Knight First Amendment Institute v. Trump, 928 F.3d 226 (2019), is a case at the Second Circuit Court of Appeals on the use of social media as a public forum. The plaintiffs, Philip N. Cohen, Eugene Gu, Holly Figueroa O'Reilly, Nicholas Pappas, Joseph M. Papp, Rebecca Buckwalter-Poza, and Brandon Neely, are a group of Twitter users blocked by U.S. President Donald Trump's personal @realDonaldTrump account. They alleged that Twitter constitutes a public forum, and that a government official blocking access to that forum is a violation of the First Amendment. The lawsuit also named as defendants White House press secretary Sean Spicer and social media director Dan Scavino.

The plaintiffs were represented by the Knight First Amendment Institute at Columbia University, which itself was a plaintiff in the case. Though the Knight Institute's Twitter account had not been blocked by Trump, the lawsuit argued that they and other followers of the @realDonaldTrump Twitter account "are now deprived of their right to read the speech of the dissenters who have been blocked". The complaint also argued that posts to the @realDonaldTrump account are "official statements".

Background
On Twitter, blocked users cannot see or respond to tweets from the account that blocked them. As of July 2017, the @realDonaldTrump Twitter account had 33.7 million followers. Trump's tweets were often retweeted tens of thousands of times, and Trump frequently used Twitter to make policy statements, prior to being suspended from Twitter, losing the 2020 election, and leaving the White House. In June 2017, Spicer stated that Trump's tweets are considered "official statements by the president of the United States". In July 2017, Trump tweeted that his use of social media is "MODERN DAY PRESIDENTIAL". Citizens for Responsibility and Ethics in Washington had filed a similar lawsuit in the District of Columbia, alleging violations of the Presidential Records Act for deleting tweets.

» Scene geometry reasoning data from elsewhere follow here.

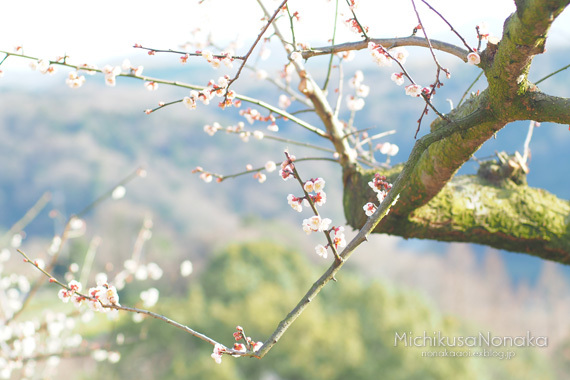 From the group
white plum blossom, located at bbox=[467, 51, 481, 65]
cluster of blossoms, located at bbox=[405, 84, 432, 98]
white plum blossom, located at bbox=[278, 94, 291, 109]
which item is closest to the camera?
white plum blossom, located at bbox=[467, 51, 481, 65]

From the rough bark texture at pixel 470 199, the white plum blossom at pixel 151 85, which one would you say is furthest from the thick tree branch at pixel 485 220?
the white plum blossom at pixel 151 85

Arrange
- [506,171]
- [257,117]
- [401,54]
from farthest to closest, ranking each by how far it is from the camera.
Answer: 1. [257,117]
2. [506,171]
3. [401,54]

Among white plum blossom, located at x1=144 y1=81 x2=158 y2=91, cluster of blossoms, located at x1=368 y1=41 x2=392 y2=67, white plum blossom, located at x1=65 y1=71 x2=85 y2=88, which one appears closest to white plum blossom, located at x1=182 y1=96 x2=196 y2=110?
white plum blossom, located at x1=144 y1=81 x2=158 y2=91

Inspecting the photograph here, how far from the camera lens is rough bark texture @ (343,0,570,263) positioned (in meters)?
1.34

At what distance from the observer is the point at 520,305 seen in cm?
2058

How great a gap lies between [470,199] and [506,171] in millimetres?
268

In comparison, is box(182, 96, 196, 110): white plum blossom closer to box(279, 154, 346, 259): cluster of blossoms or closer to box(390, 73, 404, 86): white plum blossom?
box(279, 154, 346, 259): cluster of blossoms

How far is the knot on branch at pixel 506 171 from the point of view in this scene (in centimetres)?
202

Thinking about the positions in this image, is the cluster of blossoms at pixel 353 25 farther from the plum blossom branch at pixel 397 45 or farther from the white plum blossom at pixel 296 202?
the white plum blossom at pixel 296 202

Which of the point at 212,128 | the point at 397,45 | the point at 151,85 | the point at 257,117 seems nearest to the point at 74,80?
the point at 151,85

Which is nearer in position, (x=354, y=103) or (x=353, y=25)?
(x=353, y=25)

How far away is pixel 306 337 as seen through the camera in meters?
8.50

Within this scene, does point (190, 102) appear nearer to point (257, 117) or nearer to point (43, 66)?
point (43, 66)

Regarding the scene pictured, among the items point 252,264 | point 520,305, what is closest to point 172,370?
point 252,264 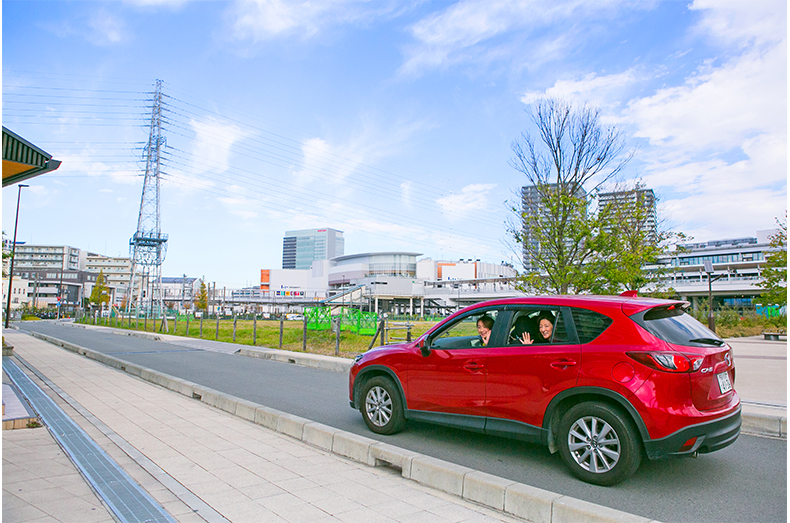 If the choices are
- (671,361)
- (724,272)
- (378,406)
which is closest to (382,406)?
(378,406)

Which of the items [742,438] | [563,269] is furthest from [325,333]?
[742,438]

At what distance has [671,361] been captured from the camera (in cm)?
452

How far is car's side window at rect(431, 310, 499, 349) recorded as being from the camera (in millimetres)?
5879

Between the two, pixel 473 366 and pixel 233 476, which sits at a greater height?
pixel 473 366

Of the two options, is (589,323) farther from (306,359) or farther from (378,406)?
(306,359)

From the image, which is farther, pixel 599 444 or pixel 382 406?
pixel 382 406

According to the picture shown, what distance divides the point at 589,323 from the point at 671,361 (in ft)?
2.62

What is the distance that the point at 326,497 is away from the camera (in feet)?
14.5

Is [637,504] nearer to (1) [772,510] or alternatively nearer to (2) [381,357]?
(1) [772,510]

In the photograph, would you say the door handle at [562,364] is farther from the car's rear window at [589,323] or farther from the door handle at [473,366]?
the door handle at [473,366]

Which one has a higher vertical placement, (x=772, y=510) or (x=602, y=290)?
(x=602, y=290)

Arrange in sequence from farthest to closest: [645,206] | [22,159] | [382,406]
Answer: [645,206] < [382,406] < [22,159]

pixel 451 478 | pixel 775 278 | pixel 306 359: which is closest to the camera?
pixel 451 478

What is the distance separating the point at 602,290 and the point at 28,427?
13.4 m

A month prior to filing this lawsuit, the Knight Institute had sent a letter to Trump on behalf of two of the blocked Twitter users, asking that they and other blocked users have their accounts unblocked by Trump. The letter argued that Trump's personal Twitter account is a public forum, and that it is therefore unconstitutional to exclude dissenting views. The letter was copied to Spicer, Scavino, and White House counsel Don McGahn. The Trump administration did not respond to the letter.

Lower court ruling 
Oral arguments were heard before Judge Naomi Reice Buchwald on March 9, 2018. On May 23, 2018, Buchwald granted in part and denied in part the plaintiff's motion for an injunction against Trump's blocking of Twitter accounts, ruling that such actions are unconstitutional on First Amendment grounds. The court ruled that the @realDonaldTrump Twitter account is "a presidential account as opposed to a personal account", and blocking people from it violates their rights to participate in a "designated public forum". Buchwald introduced the decision by writing:

This case requires us to consider whether a public official may, consistent with the First Amendment, “block” a person from his Twitter account in response to the political views that person has expressed, and whether the analysis differs because that public official is the President of the United States. The answer to both questions is no.

After this ruling, the seven Twitter users that were a part of the lawsuit were unblocked by the managers of Trump's account. In August 2018, the government filed an appeal with the United States Court of Appeals for the Second Circuit. Also in August, the Knight First Amendment Institute sent a letter to the U.S. Justice Department requesting that the President comply with the Judge's ruling and unblock a list of 41 additional Twitter users, including Danny Zuker, MoveOn activist Jordan Uhl, health care activist Laura Packard, and journalists like Alex Kotch and Jules Suzdaltsev. Those users were then unblocked by @realDonaldTrump. Regardless, the Trump Administration appealed the ruling to the Second Circuit Court of Appeals, claiming that the district court had subjected him to unconstitutional viewpoint discrimination in violation of his own free speech rights.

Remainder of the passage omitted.